### Information supplied:
_ _ _

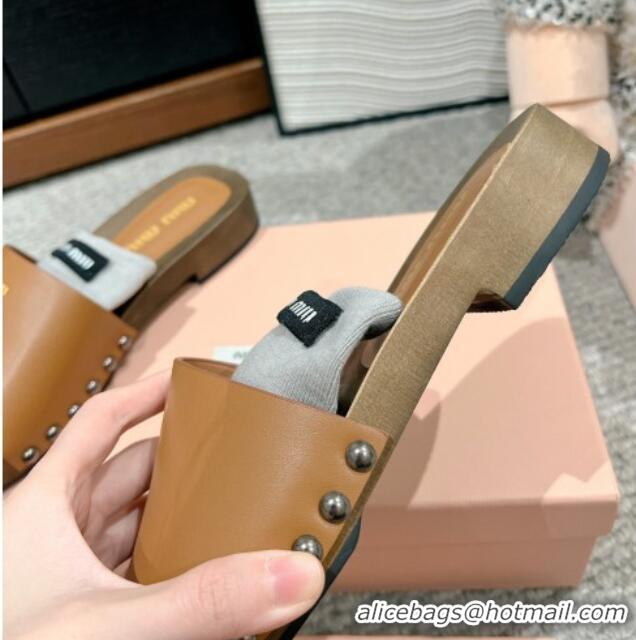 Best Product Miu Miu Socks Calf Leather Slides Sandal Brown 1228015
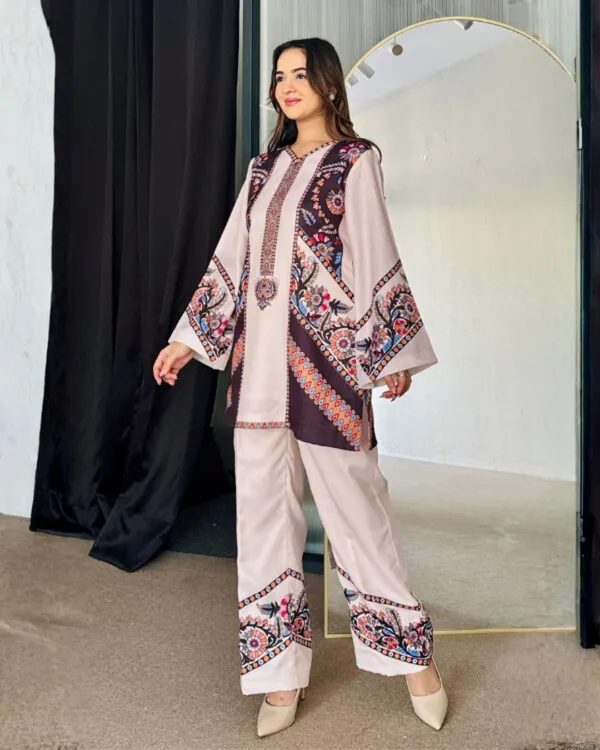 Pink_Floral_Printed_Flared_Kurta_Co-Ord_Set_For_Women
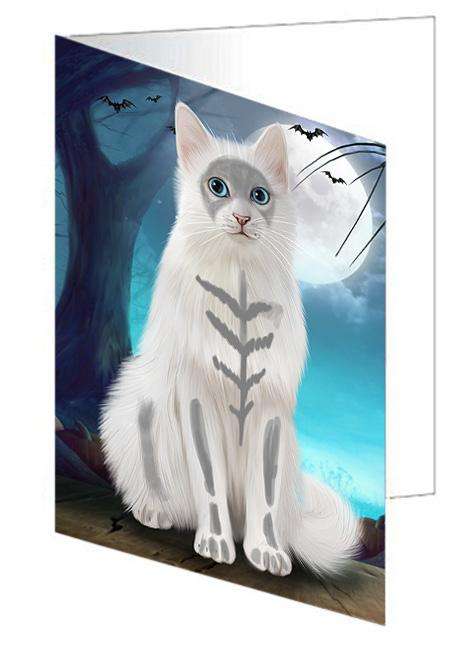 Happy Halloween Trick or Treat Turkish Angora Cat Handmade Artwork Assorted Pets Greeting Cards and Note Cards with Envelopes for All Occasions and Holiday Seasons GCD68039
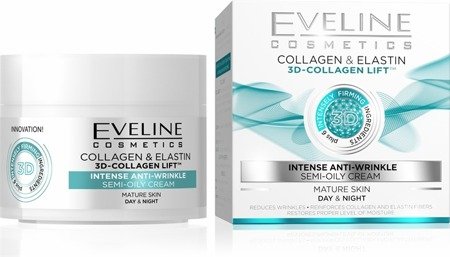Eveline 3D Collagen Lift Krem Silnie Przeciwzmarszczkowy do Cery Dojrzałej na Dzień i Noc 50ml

_ _ _

### Exercise prompt:
Copy the listing above word for word. Do not include the pictures.

### Output for this task:
 Best Product Miu Miu Socks Calf Leather Slides Sandal Brown 1228015
 Pink_Floral_Printed_Flared_Kurta_Co-Ord_Set_For_Women
 Happy Halloween Trick or Treat Turkish Angora Cat Handmade Artwork Assorted Pets Greeting Cards and Note Cards with Envelopes for All Occasions and Holiday Seasons GCD68039
Eveline 3D Collagen Lift Krem Silnie Przeciwzmarszczkowy do Cery Dojrzałej na Dzień i Noc 50ml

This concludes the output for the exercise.